In Spain, a cigar offered and accepted establishes hospitable relations, just as the sharing of bread and salt does in the East. My man became more talkative than I had hoped. But, although he claimed to live in the partido of Montilla, he seemed to be but ill-acquainted with the country. He did not know the name of the lovely valley where we were; he could not mention any village in the neighbourhood; and, lastly, when I asked him whether he had seen any ruined walls thereabouts, or any tiles with raised edges, or any carved stones, he admitted that he had never paid any attention to such things. By way of compensation he exhibited much expert knowledge of horses. He criticised mine, which was not very difficult; then he gave me the genealogy of his, which came from the famous stud of Cordova; a noble animal in very truth, and so proof against fatigue, according to his master, that he had once travelled thirty leagues in a day, at a gallop or a fast trot.
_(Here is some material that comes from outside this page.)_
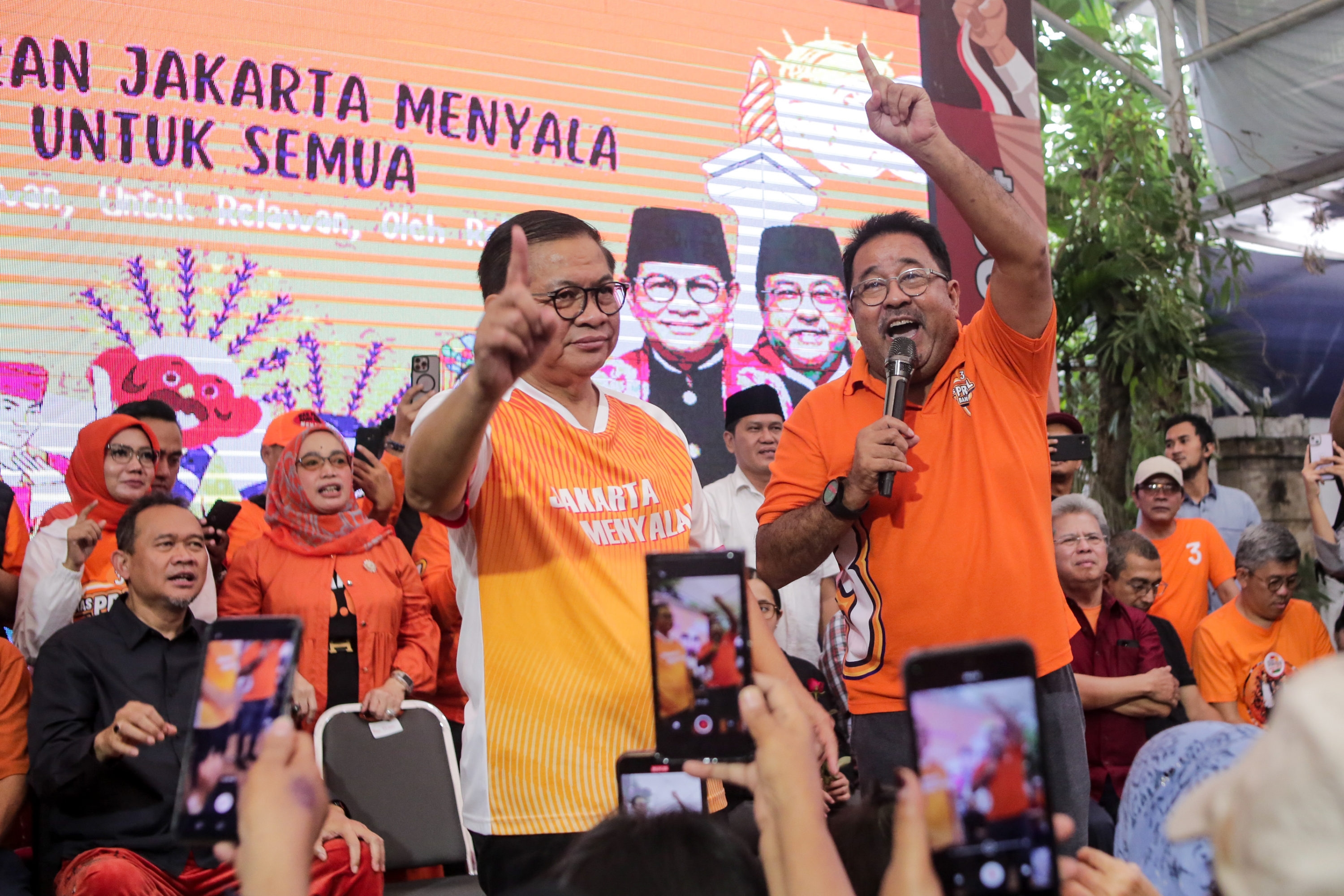 Penetapan Pemenang Pilkada Jakarta Dilakukan 9 Januari 2025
In the middle of his harangue the stranger paused abruptly, as if he were surprised and angry with himself for having said too much.

“You see, I was in a hurry to get to Cordova,” he added, with some embarrassment. “I had to present a petition to the judges in the matter of a lawsuit.”

As he spoke, he glanced at my guide, Antonio, who lowered his eyes.

The cool shade and the spring were so delightful to me that I remembered some slices of excellent ham which my friends at Montilla had put in my guide’s wallet. I bade him produce them, and I invited the stranger to join me in my impromptu collation. If he had not smoked for a long while, it seemed probable to me that he had not eaten for at least forty-eight hours. He devoured the food like a starved wolf. It occurred to me that our meeting was a providential affair for the poor fellow. My guide meanwhile ate little, drank still less, and did not talk at all, although from the very beginning of our journey he had revealed himself to me in the guise of an unparalleled chatterbox. Our guest’s presence seemed to embarrass him, and a certain distrust kept them at arm’s length from each other, but I was unable to divine its cause.

The last crumbs of the bread and ham had vanished; each of us had smoked a second cigar; I ordered the guide to put the bridles on our horses, and I was about to take leave of my new friend, when he asked me where I intended to pass the night.

I replied, before I had noticed a signal from my guide, that I was going on to the Venta del Cuervo.